Queensland’s New COVID-19 Rental Reforms

By May 1, 2020Covid-19

New rental laws have started in Queensland with the goal of helping tenants and landlords deal with the fallout from the coronavirus pandemic.

Tenants who can’t pay their rent due to the coronavirus crisis are now protected from eviction.

Failure to pay rent will no longer be a valid reason to evict a tenant and if a tenant is experiencing hardship because of the virus, the landlord will have to extend their lease until the end of the COVID-19 emergency period if it would otherwise end.

Landlords and tenants must enter into negotiations if a tenant claims hardship before any further action can be taken.

Inspections and access to a rental property will also be limited during the crisis.

HERE’S WHAT THE GUIDELINES SAY

● A tenant is considered impacted by COVID-19 if they have it, care for someone who has it or are subject to a quarantine direction and suffer a loss of income of 25 per cent or more, or rent payable is 30% or more of their income.

● Tenants are required to provide upon request documents to show they are impacted by COVID-19, which include proof of job termination/stand down, government income support, a medical certificate and prior income.

● Tenants and landlords are encouraged to agree on solutions together and if they can’t, they must use the Residential Tenancy Authority’s conciliation service.

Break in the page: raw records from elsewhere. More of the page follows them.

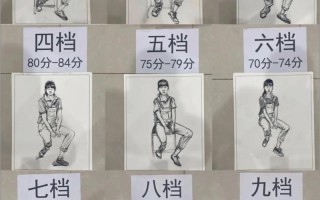 美术联考单科成绩怎么查？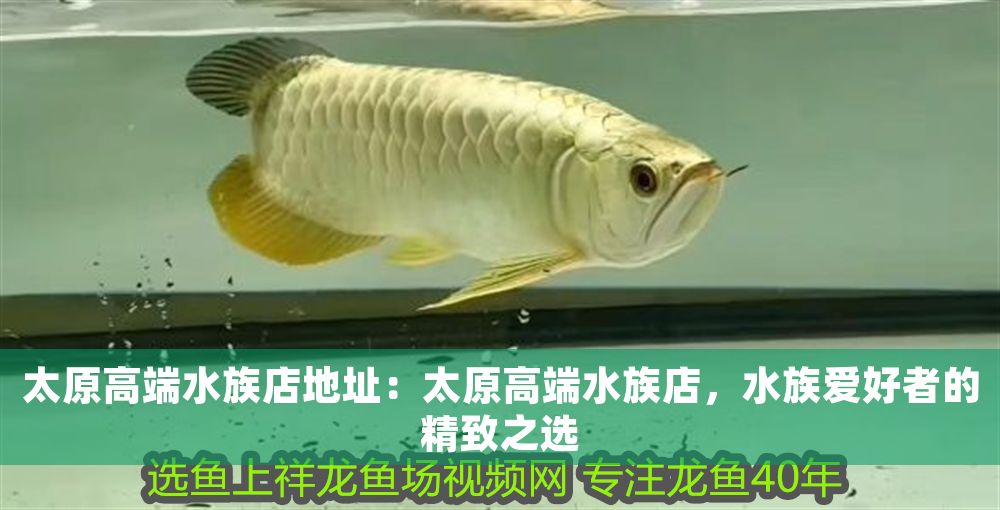 太原高端水族店地址：太原高端水族店，水族愛好者的精致之選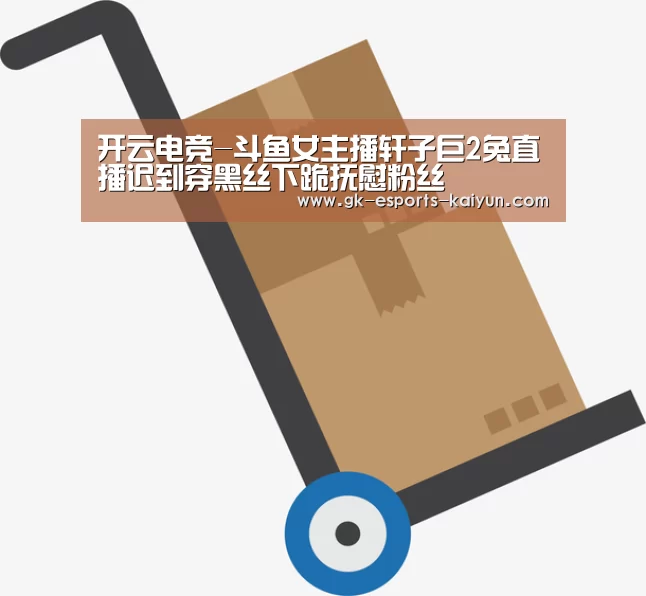  开云电竞官网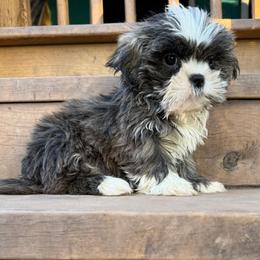 Prince - Black white and silver male Shih Tzu puppy in Winder, Georgia from Empire Yorkies
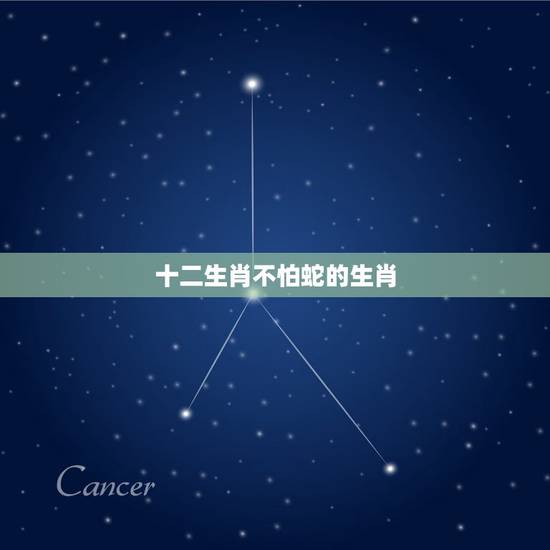十二生肖不怕蛇的生肖,属蛇的几月的好 十二生肖不怕蛇的生肖,属蛇的几月的好
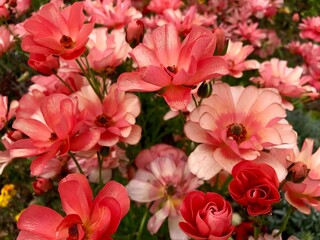 Fototapeta premium 花壇に咲いた朱色の花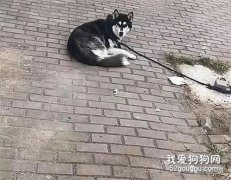 女子路上偶遇一哈士奇乖巧地趴著，覺得好奇，上前細瞧后笑出了聲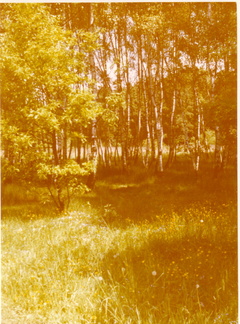 Birkenwälchen im Süden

● It will be mandatory to go to conciliation for rent variation, ending agreements or gaining entry to properties for repairs and maintenance.

● If conciliation is unsuccessful, they can go to the Queensland Civil Administrative Tribunal (QCAT). In the interim, the tenant must keep paying the required rent or “as much as they can afford”.

● The tenant must notify the property owner is there is a change in circumstance, regardless of whether there is an increase or a decrease in the total household income.

● If a property owner is reliant on rental income to meet essential costs of living, they should raise the concerns during conciliation with their tenants and the owner may have to provide evidence to support their position.

● Landlords and tenants should discuss the duration the new rent amount applies for and when it will be reviewed.

● The tenant can ask the lessor for the rent amount to be reviewed at any time during the agreed variation to rent if the household’s circumstances change.

● The owner must give two months’ notice to sell the home, or if they or immediate family need to move in.

● Tenants experiencing domestic and family violence can end their tenancy agreement with seven days’ notice.